Nov 042019
 
medicine sentimental lady

While Brad Laner has been kicking out tuneful fuzz in an assortment of incarnations since the early ’90s, he is best known for leading shoegazing popsters Medicine. The band – Laner plus a revolving group of collaborators – have operated on and off over the past 25-plus years, with gaps of up to 10 years between releases. As a solo artist in between the Medicine records, Laner has sweetly revealed himself to be an ’70s AM radio kid, recording a couple of particularly heartfelt, sludgy and exceptional covers of Top 40 nuggets, Chicago’s “Feelin’ Stronger Every Day” and Blue Magic’s “Sideshow”.

With those seeds planted, it should come as no surprise to see Laner and Medicine finally diving in and releasing a full album of covers, Scarred For Life. It’s a truly eclectic affair that brims with love and eccentricity. While it primarily features deep cuts and quietly beloved cult tunes by Judee Sill, Peter Blegvad’s Slapp Happy and Madness amongst others, its true centerpiece is one of those West Coast AM radio pop chestnuts (please don’t call it Yacht Rock) from 1977, Bob Welch’s “Sentimental Lady.”

Hollywood-born Bob Welch was a seminal figure in Fleetwood Mac history, serving as the band’s sole guitarist from 1971-1974. He bridged the established British blues band into the Californian soft-rock behemoths the world fell in love with. One specific example: he convinced the band to move to LA from the UK to seek their fortunes, which led to Mick Fleetwood’s fateful exposure to Lindsey Buckingham and Stevie Nicks.

Welch left the band in 1974, feeling things had run their course creatively and embarked on his solo career in earnest. Finally, in 1977 he hit pay dirt and the Top 10 with his first solo single, a revamped version of song he’d originally done with Fleetwood Mac in 1972, “Sentimental Lady”. With its iconic glistening guitar opening, hazy sing song melody and Christine McVie and Lindsey Buckingham backing vocals, it remains to this day gloriously syrupy and wonderful.

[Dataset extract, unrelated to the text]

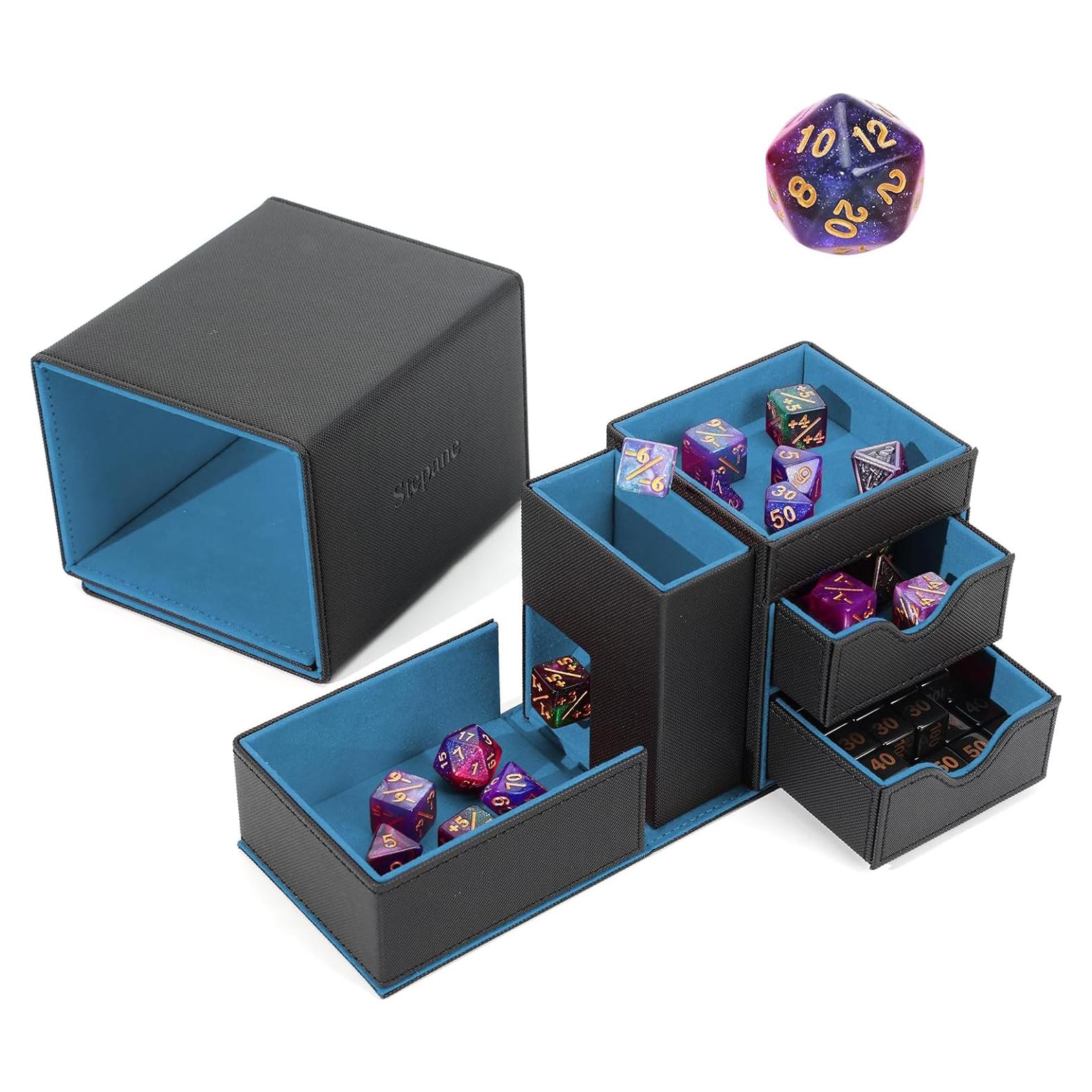 Caja de Almacenamiento de Dados Stepane 3 en 1 Negro/Azul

Medicine mold the delicate pop of the 1977 version into a gigantic, drums-to-the-front anthem , transforming the chorus into something ridiculously heavy, otherworldly, and gorgeous. It lands sound wise somewhere between The Byrds and The Jesus and Mary Chain and is a treat.

Scarred For Life is out now and in addition to the aforementioned artists features loved up deep cuts from Neil Young, Miles Davis and The Monkees that are well worth your time.